----- DATASET EXCERPT

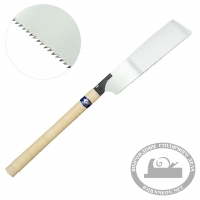 Пила Z-saw Kataba RIP H-250, 250мм, деревянная рукоять, для продольного пиления Пила Z-saw Kataba RIP H-250, 250мм, деревянная рукоять, для продольного пиления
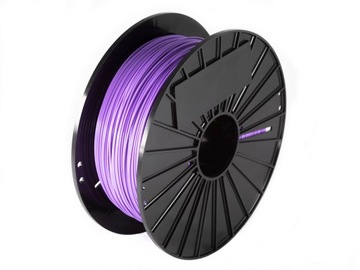 Filament F3D PLA Purpurowy Purple 0,5kg 1,75mm do drukarki 3D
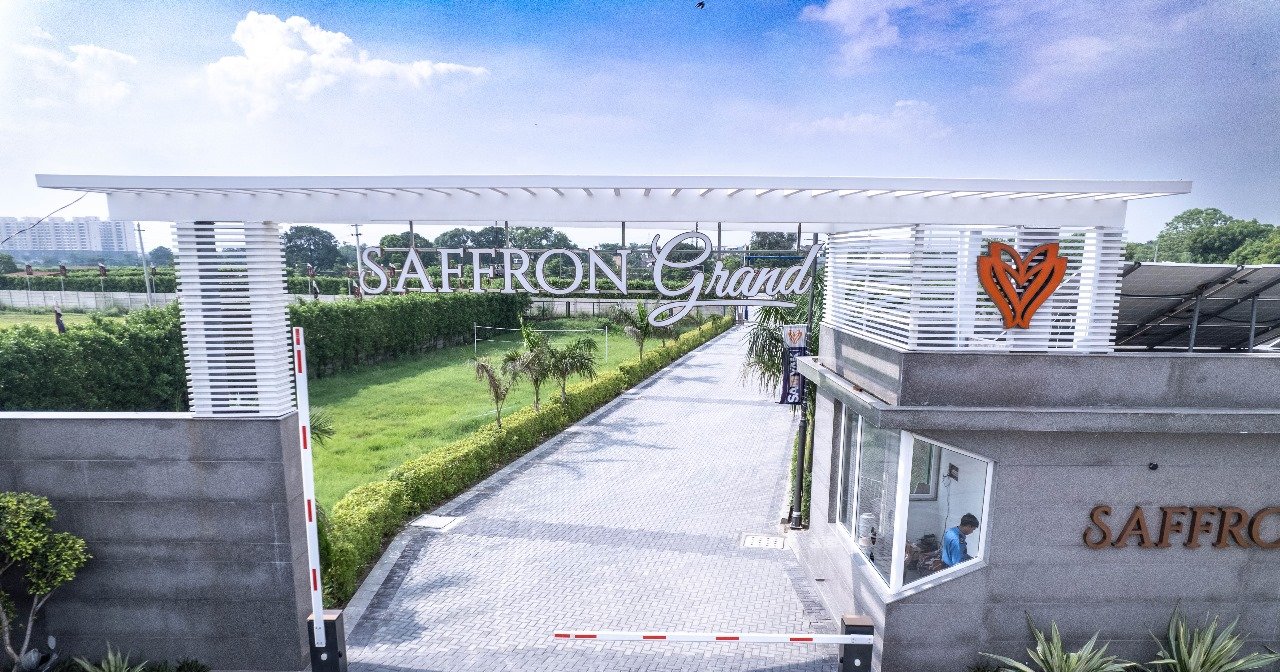 Saffron Grand Brochure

----------

§ **WHAT YOU NEED TO DO**
Give back the whole listing exactly as written. Do not include any picture.

§ **EXERCISE SOLUTION**
 Пила Z-saw Kataba RIP H-250, 250мм, деревянная рукоять, для продольного пиления Пила Z-saw Kataba RIP H-250, 250мм, деревянная рукоять, для продольного пиления
 Filament F3D PLA Purpurowy Purple 0,5kg 1,75mm do drukarki 3D
 Saffron Grand Brochure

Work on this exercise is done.